What is expected: Give back the full data, unchanged and complete.

Supplied data:
◇ ◇ ◇ ◇

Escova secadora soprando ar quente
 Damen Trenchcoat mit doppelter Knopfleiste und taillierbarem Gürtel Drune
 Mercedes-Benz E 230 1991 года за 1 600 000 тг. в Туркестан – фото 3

◇ ◇ ◇ ◇

Finished task:
Escova secadora soprando ar quente
 Damen Trenchcoat mit doppelter Knopfleiste und taillierbarem Gürtel Drune
 Mercedes-Benz E 230 1991 года за 1 600 000 тг. в Туркестан – фото 3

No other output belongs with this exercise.